**TASK INSTRUCTIONS**
Transcribe, exactly and without pictures, the lines below from the line with "kripik jamur jamur" to the line with "2012 MERCEDES-BENZ S S550 4-MATIC", both ends included, and no others.
Start of GIVEN ENTRIES
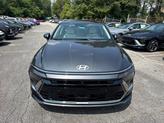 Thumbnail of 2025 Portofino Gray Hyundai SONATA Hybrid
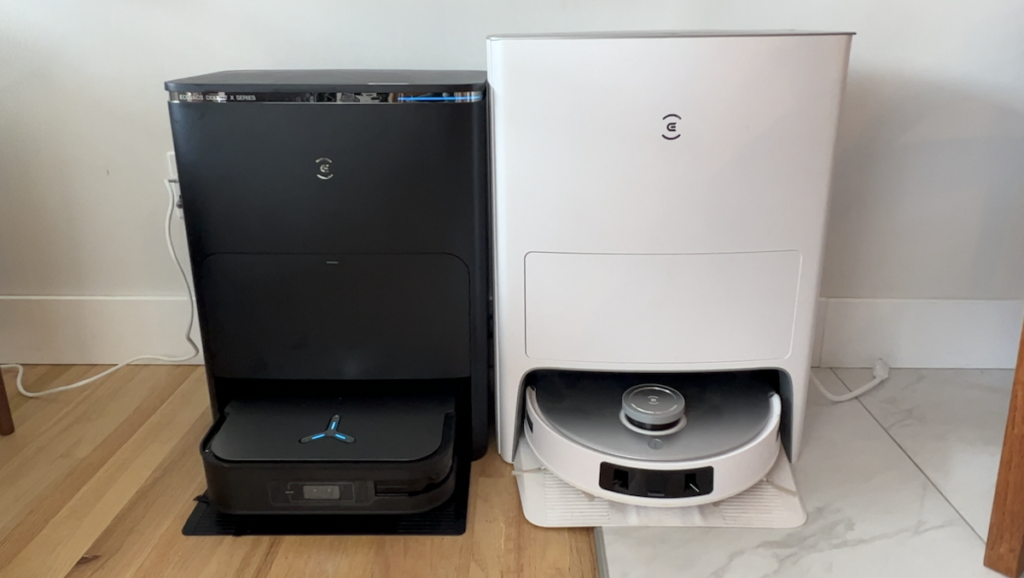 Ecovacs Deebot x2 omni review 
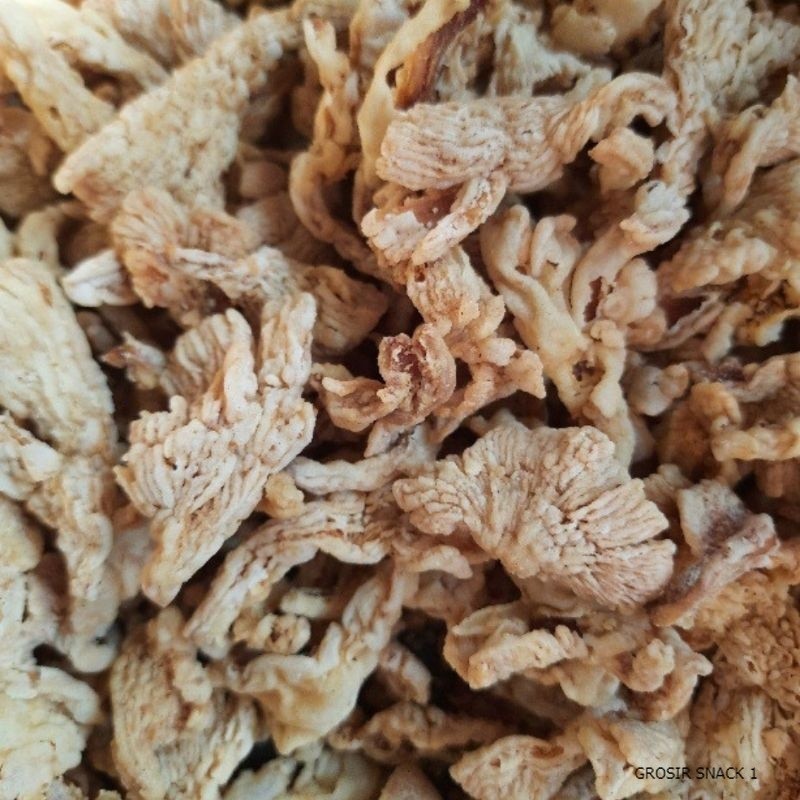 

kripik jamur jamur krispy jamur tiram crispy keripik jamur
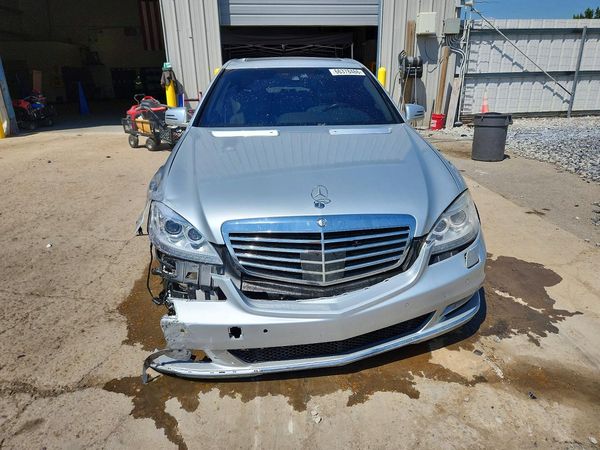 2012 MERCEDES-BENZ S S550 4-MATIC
End of GIVEN ENTRIES
Start of GIVEN ENTRIES
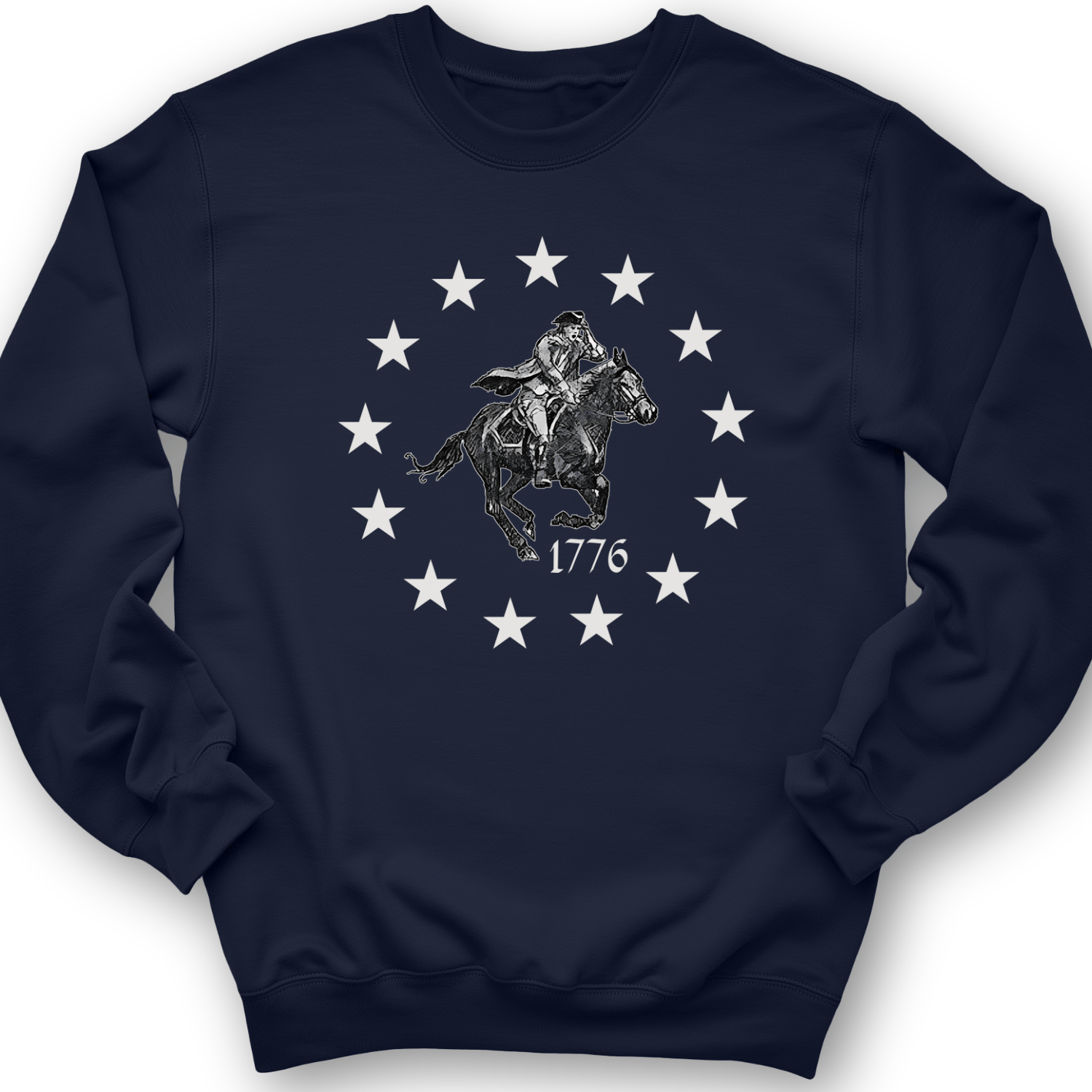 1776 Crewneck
End of GIVEN ENTRIES
**THE ANSWER**
kripik jamur jamur krispy jamur tiram crispy keripik jamur
 2012 MERCEDES-BENZ S S550 4-MATIC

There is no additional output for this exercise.